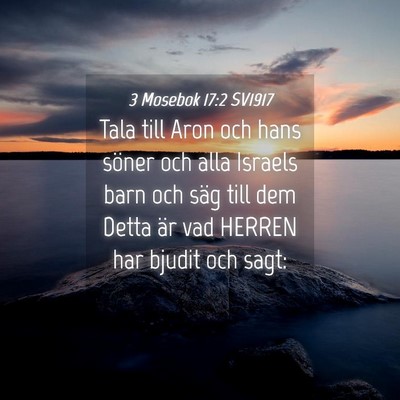 Picture 04 - 3 Mosebok 17:2 SV1917 - Tala till Aron och hans söner och alla Israels - Bible Verse Picture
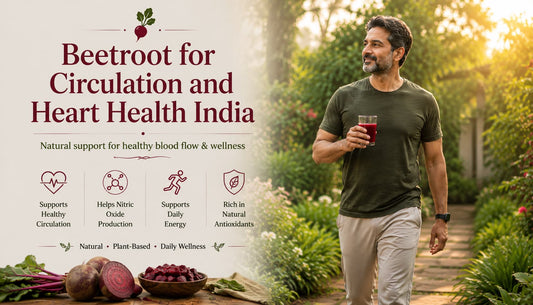 Beetroot for Circulation and Heart Health India — Does It Actually Work? 2026 Clinical Evidence Guide WellBeingMora Buy | Pure Beetroot, Turmeric Capsules & Herbal Supplements Online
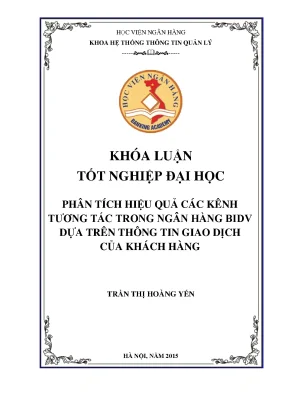 Phân tích hiệu quả các kênh tương tác trong ngân hàng bidv dựa trên thông tin giao dịch của khách hàng
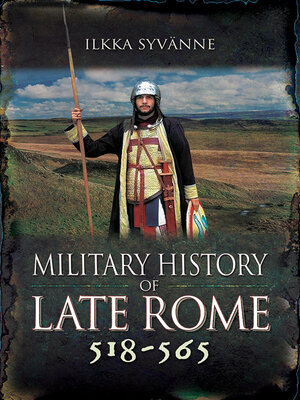 cover image of Military History of Late Rome 518–565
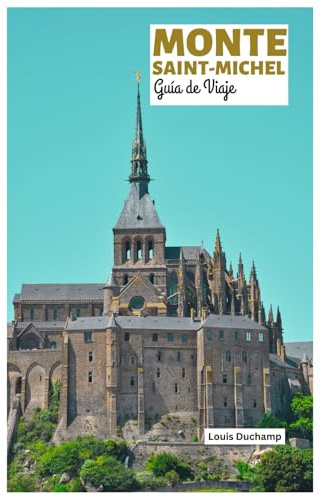 Monte Saint-Michel Guía de Viaje: Atracciones, el Pueblo Medieval, Disposición de la Abadía, Acceso por Marea, Restaurantes e Itinerarios de Visita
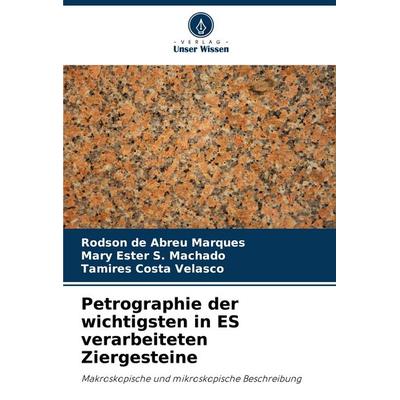 Petrographie der wichtigsten in ES verarbeiteten Ziergesteine, Taschenbuch von Rodson de Abreu Marques,Mary Ester S. Machado,Tamires Costa Velasco,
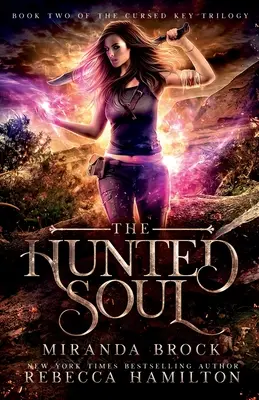 Sufletul vânat: Un nou roman de dragoste urban fantasy pentru adulți - The Hunted Soul: A New Adult Urban Fantasy Romance Novel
++++++++++++++++++++
ASSIGNMENT.
Transcribe every line in the entries above, taking out only the images.

RESULT FOR THIS EXERCISE.
 Picture 04 - 3 Mosebok 17:2 SV1917 - Tala till Aron och hans söner och alla Israels - Bible Verse Picture
 Beetroot for Circulation and Heart Health India — Does It Actually Work? 2026 Clinical Evidence Guide WellBeingMora Buy | Pure Beetroot, Turmeric Capsules & Herbal Supplements Online
 Phân tích hiệu quả các kênh tương tác trong ngân hàng bidv dựa trên thông tin giao dịch của khách hàng
 cover image of Military History of Late Rome 518–565
 Monte Saint-Michel Guía de Viaje: Atracciones, el Pueblo Medieval, Disposición de la Abadía, Acceso por Marea, Restaurantes e Itinerarios de Visita
 Petrographie der wichtigsten in ES verarbeiteten Ziergesteine, Taschenbuch von Rodson de Abreu Marques,Mary Ester S. Machado,Tamires Costa Velasco,
 Sufletul vânat: Un nou roman de dragoste urban fantasy pentru adulți - The Hunted Soul: A New Adult Urban Fantasy Romance Novel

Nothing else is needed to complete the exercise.